Корней открыл солдату секрет своей печи. То был жар перегоревших сучьев, прикрытый землей.
— Переступай почаще. Огонек еще свежий, как бы вреда не причинил, — советовал Корней.
Комаринский прислушивался к его словам, вглядывался в добрые, без тени лукавства, глаза, и ему уже начинало казаться, что и жар тот, который в земле, и близость этого человека, его доброта и озабоченный вид — все вместе согревает его.

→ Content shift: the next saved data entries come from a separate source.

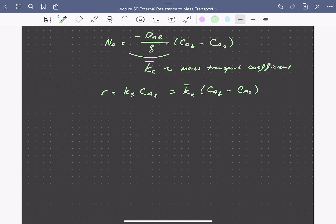Note that the flux from Fick's first law has units of moles per area per time, so our reaction rate must be defined in terms of area available for reaction. Solving for CAS, the concentration at the catalyst surface, we get CAS equals the mass transport coefficient K sub c times the bulk concentration of A, divided by the sum of the kinetic rate constant and the mass transport coefficient.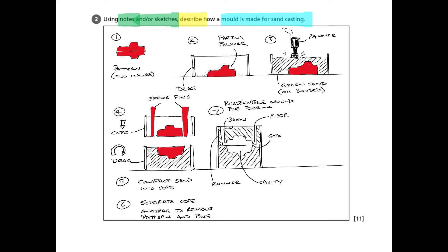And then you'll notice all the way through my drawings, I've identified the sand with hatching rather than trying to colour it in. It was difficult enough colouring in the patterns and the sprue pins.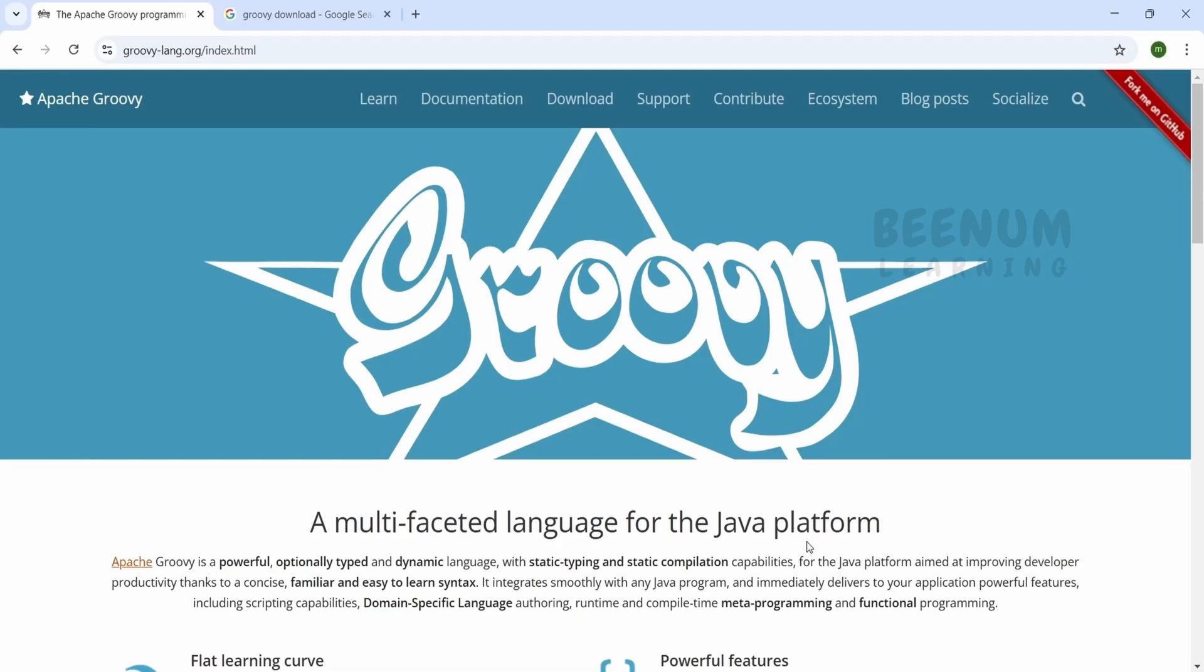Now the question is, how will I write the functions locally, test, debug, and then copy and paste the same code in the cloud so that it will work and solve the business problem? The first step towards this is installing Groovy on your computer locally so that you can write Groovy scripts locally with VS Code or any of your favorite IDEs.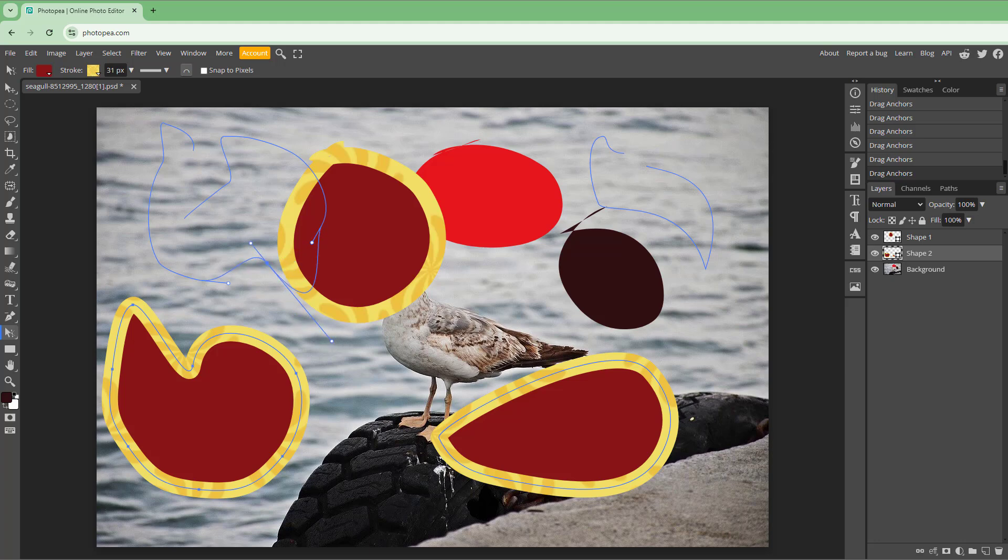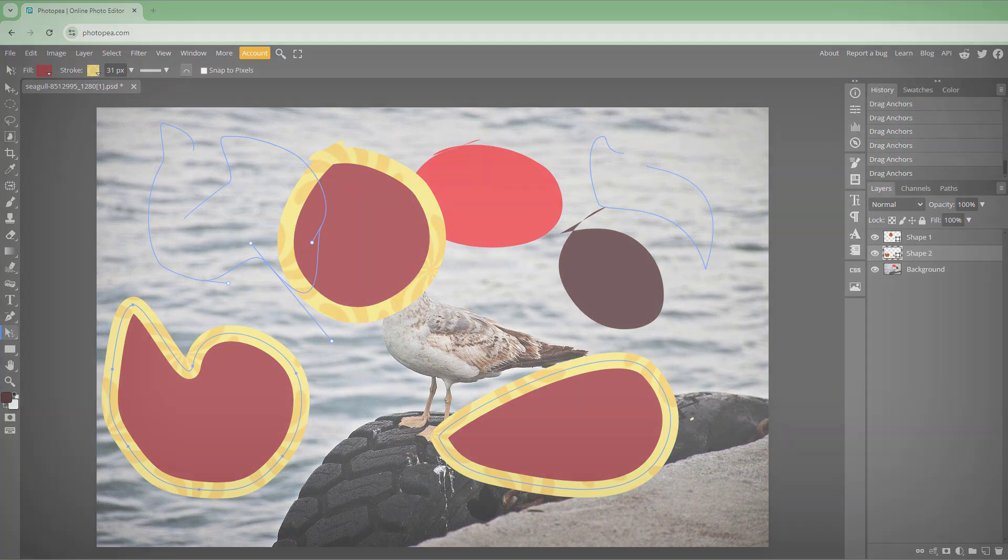That is how you can work with path select and direct select tool inside Photopea. Hope you guys learned something. As always, please like, comment, share, and subscribe.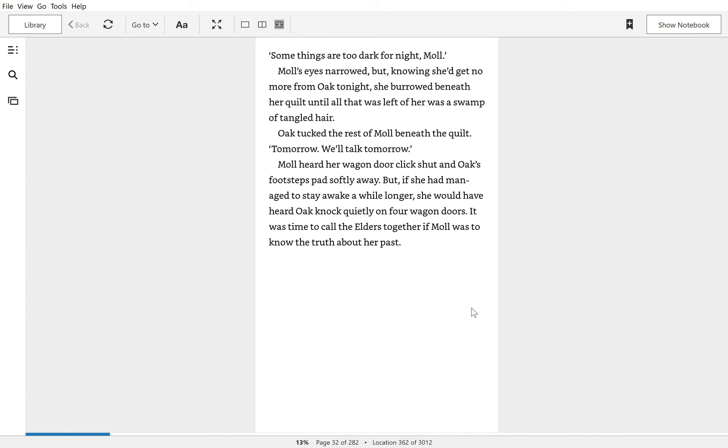Mole heard her wagon door click shut and Oak's footsteps pad softly away. But if she had managed to stay awake a while longer, she would have heard Oak knock quietly on four wagon doors. It was time to call the elders together if Mole was to know the truth about her past.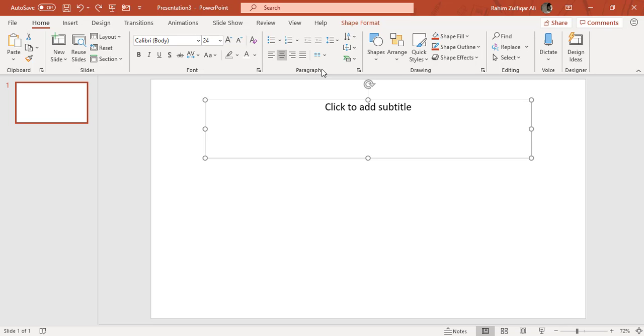For example, we want to center some text or justify the text. All these alignment, bullets, and text direction features are available in the paragraph group of this PowerPoint application.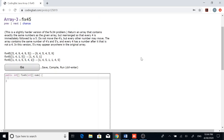What's up? Today we'll be going over Fix 45. Now this is really similar to the problem right before Fix 34, except for a small detail.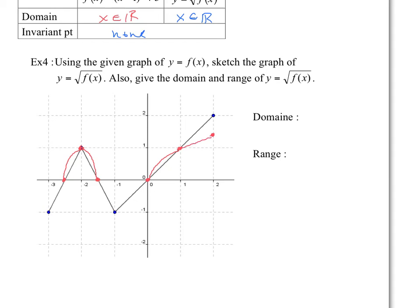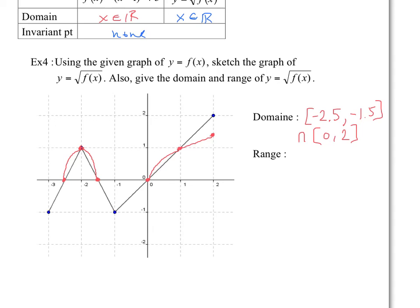So the domain of this function would be between negative 2.5 and negative 1.5, union with 0 to 2. The range: all the y values — you'd have y values between 0 and square root of 2. Don't forget, that's the exact value here. So the range would be between 0 and square root of 2.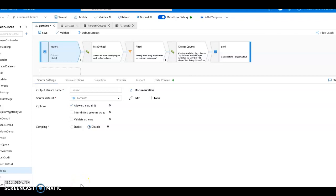Azure Data Factory is built for big data and mapping data flows brings big data analytics to the tool in a very easy scalable manner. You can build code-free data transformations that execute on Spark.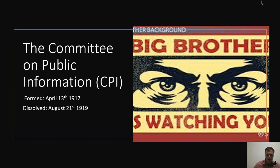Yo, what up YouTube? So today we're going to be talking about the Committee on Public Information. This was a propaganda arm of the United States government that existed from April 13th, 1917, and it dissolved August 21st, 1919.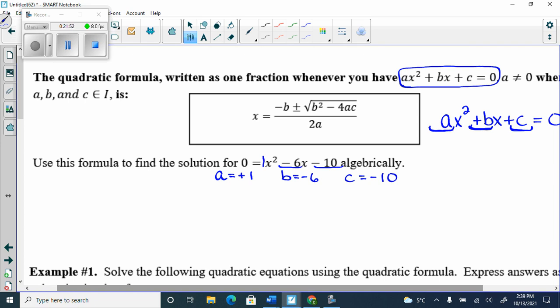Now we're just going to fill it into the formula. It looks worse than it is — I promise. We write x equals something over something. Negative B: it's negative of negative 6, which becomes positive 6.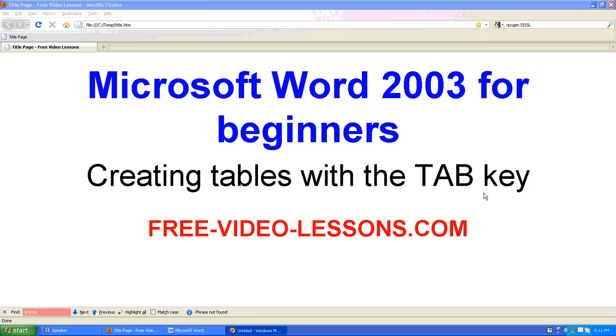Creating tables with the tab key in Microsoft Word 2003. It is quite common to use tables in order to create a table structure in Microsoft Word. There's nothing wrong with that, but in some cases you might want a little bit cleaner output that renders in the document without the thin lines that you have with the table. It's quite easy to do.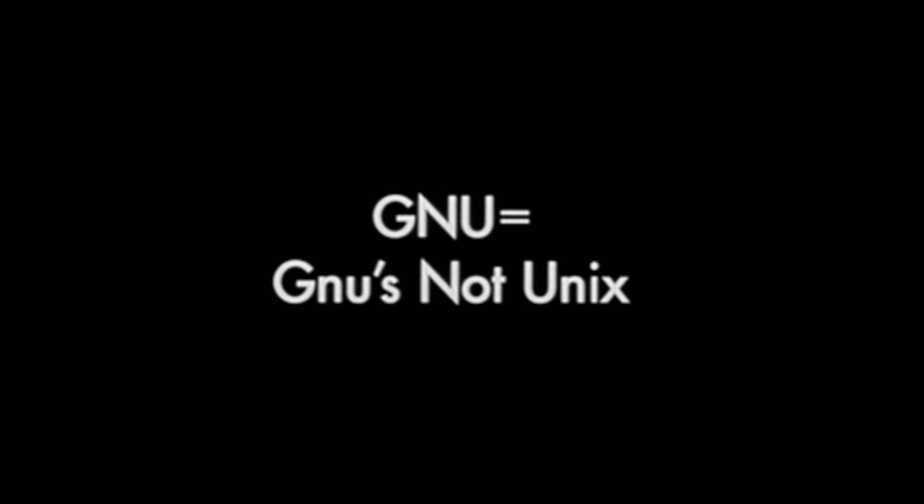Now I should explain that the name GNU is a hack because it's a recursive acronym. It stands for GNU's not UNIX. You see, so the G in GNU stands for GNU. We'll see you guys soon.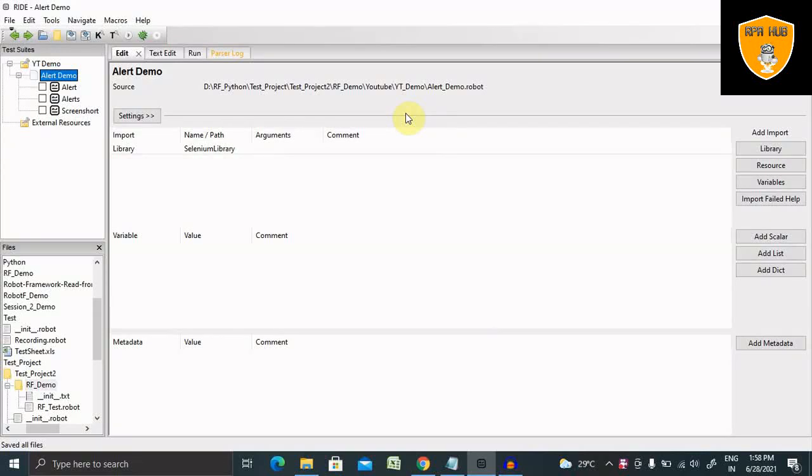Welcome to RPA Hub. In this video, we'll discuss how to capture screenshot for element and full page screenshot using robot framework.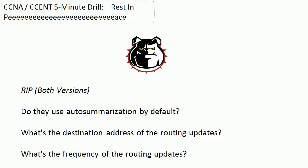Let's jump right into today's questions. First off, does RIP use auto summarization by default? Second question for both versions 1 and 2, what's the destination address for the routing updates? Question 3, what's the frequency of the routing updates?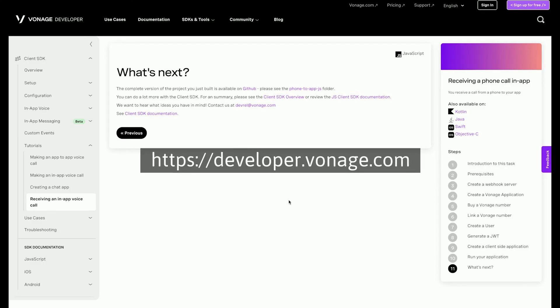To get more information on the topics covered in this walkthrough and a link to the completed code, please visit the written tutorial in the developer documentation. While you are there, take a look at the wide range of other offerings from Vonage and see what else you can build. Thanks.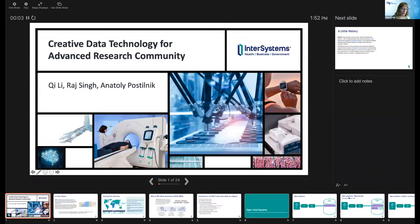I wanted to introduce Chi Li, and I'll let him introduce his folks. He's got a very interesting talk about using I2B2 on top of IRIS, and I'll let him dive into the details.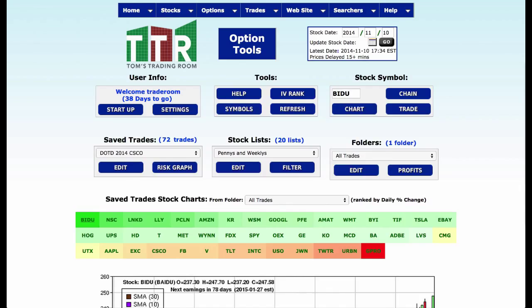Hi everyone, it's Tom Gentile. Welcome to Tom's Trading Room and Trading Like a 1%er. In this video, I want to talk about creating folders which we can then place trades into. I'm going to continue on my last video and I'm going to be using the stocks I put together for my Dogs of the Dow article, coming out in the January 2015 edition of Stocks and Commodities Magazine.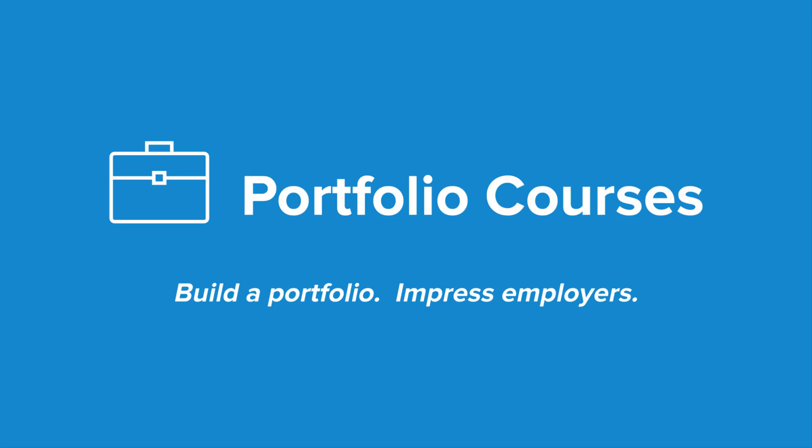Check out PortfolioCourses.com where we'll help you build a portfolio that will impress employers, including courses to help you develop C programming projects.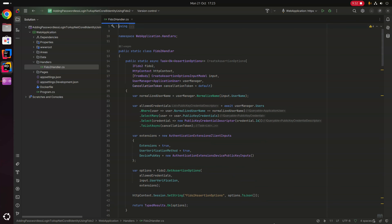Last but not least we return TypedResults.Ok(options). This method creates assertion options that the browser uses when displaying the UI for the user to select a previously created public key credential.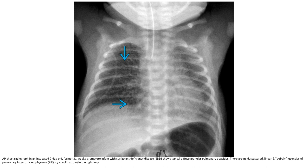AP chest radiograph in an intubated two-day-old former 31-week premature infant with coarse and lucent disease. Typically it shows granular pulmonary opacity with marked scattered linear and bubbly lucencies of the pulmonary interstitium and perilymphatic distribution.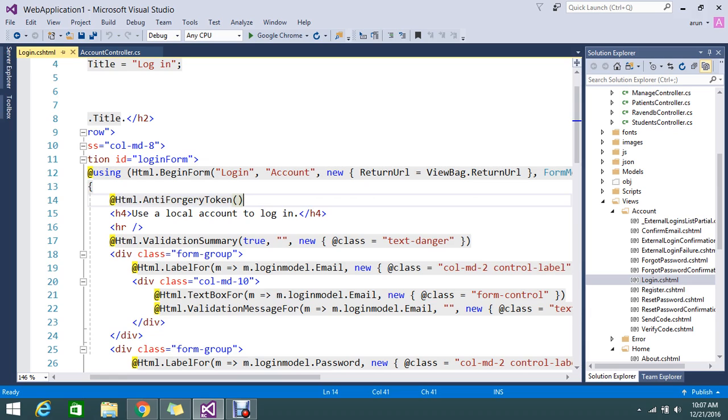Otherwise it will throw the error that it is failed because it is unauthorized or it is attack kind of a message you will get.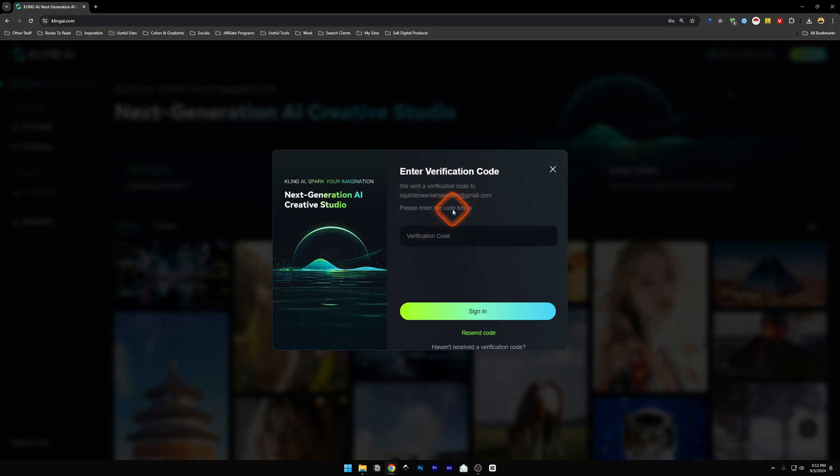Now here, you need to enter the code below. Head over to your email and there will be a code there. I've got the code verification. So I'm going to just enter it over here.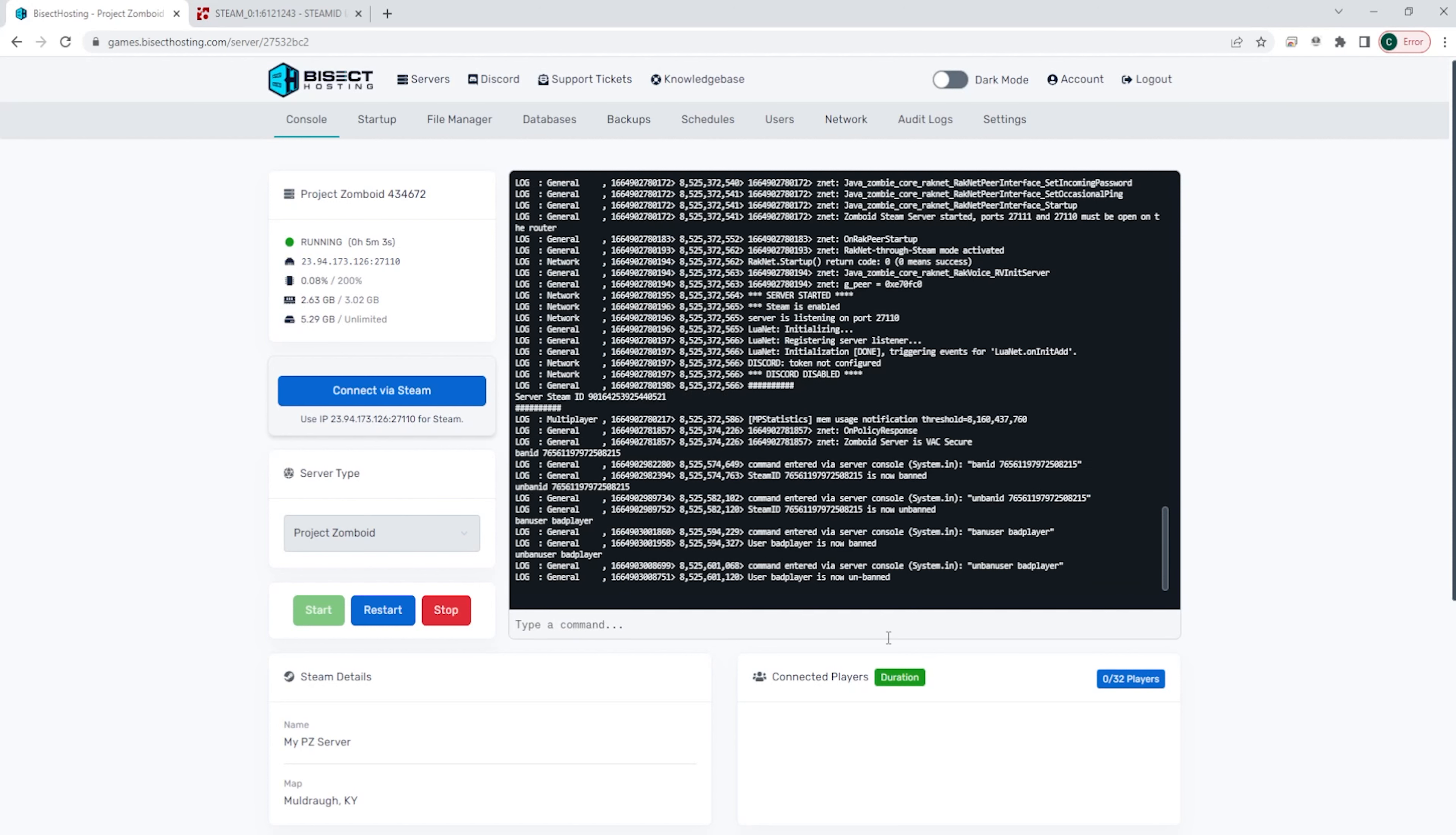Kicking is just the same, instead you just put kick user space and the person's username.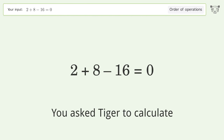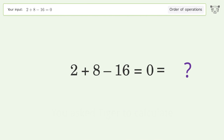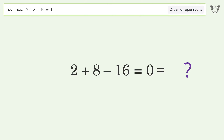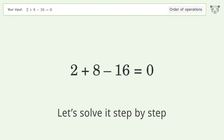You asked Tiger to calculate. This deals with the order of operations. The final result is negative 6 equals 0. Let's solve it step by step.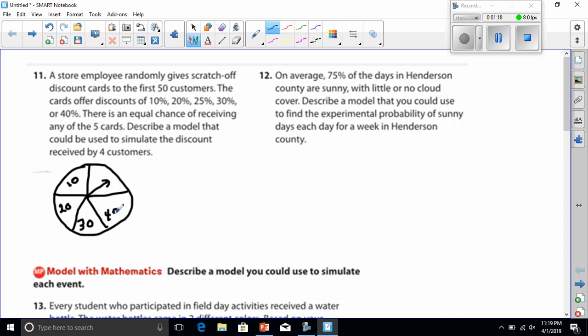These would have to be equal sides. I know it might not look equal, but they would all have to be equal area. And then I would spin.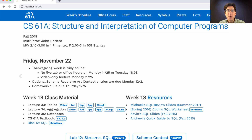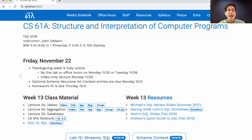You can work on your optional Scheme recursive art contest entry, and homework 10 will be posted tonight. It's due not next Thursday because that's Thanksgiving, but a week from Thursday. So if you want, you can wait until you get back from Thanksgiving to work on it.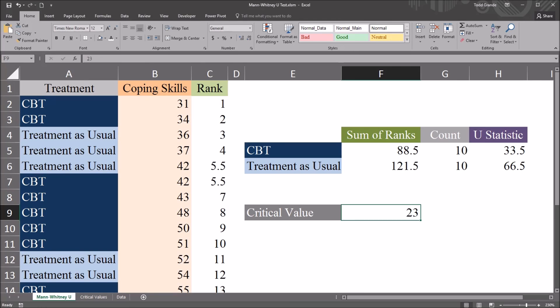I hope you found this video on performing a Mann-Whitney U test in Excel to be helpful. As always, if you have any questions or concerns, feel free to contact me. I'll be happy to assist you. Bye.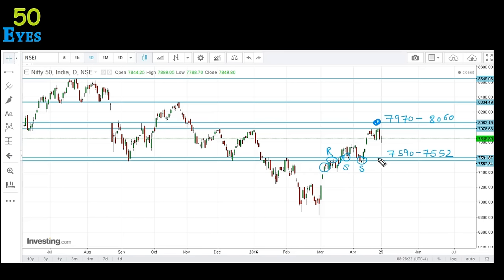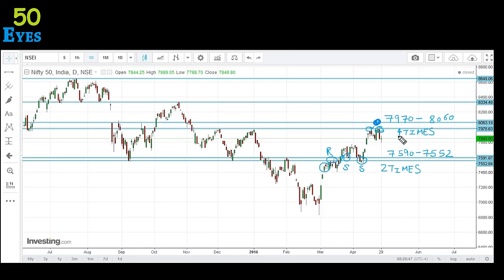After the price broke above the 7590 region, it has acted as support two times. After that, a good upward move was seen. We have also seen resistance at the 7970 to 8060 zone — the candles tested this level three or four times on the daily chart. So right now, on the daily chart, the view that comes to mind is that we can have a good upward move, but a correction appears due.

Теперь Комаринскому было ясно, почему Корней всегда равнодушен к холоду. Но не это открытие обрадовало молодого бойца. Он вдруг увидел в Корнее другого человека. Это было действительно открытие. Оно-то больше всего и удивило солдат, когда Комаринский рассказал им о своей встрече с ним. Ему могли бы и не поверить, но всем было известно, что именно Комаринский больше других выказывал свою неприязнь к Корнею. Каких только шуток и колкостей не придумывал он в его адрес. Одни вызывали безобидный веселый смех, другие вселяли недоверие к Корнею, окутывали тайной его молчаливую жизнь. И вдруг именно он, Комаринский, рассказал столько удивительного об этом старом солдате. Всем понравились корнеевские печи. Они были применены в тот же день во всей роте.
II
К Корнею все чаще стали приходить солдаты с разными просьбами. Одалживали у него оружейное масло, белый лоскут для протирки ствола автомата. Корней никогда ни в чем не отказывал. Где он все это брал — и лоскуты, и масло в то время, когда даже старшины не всегда имели их, — никому не было известно.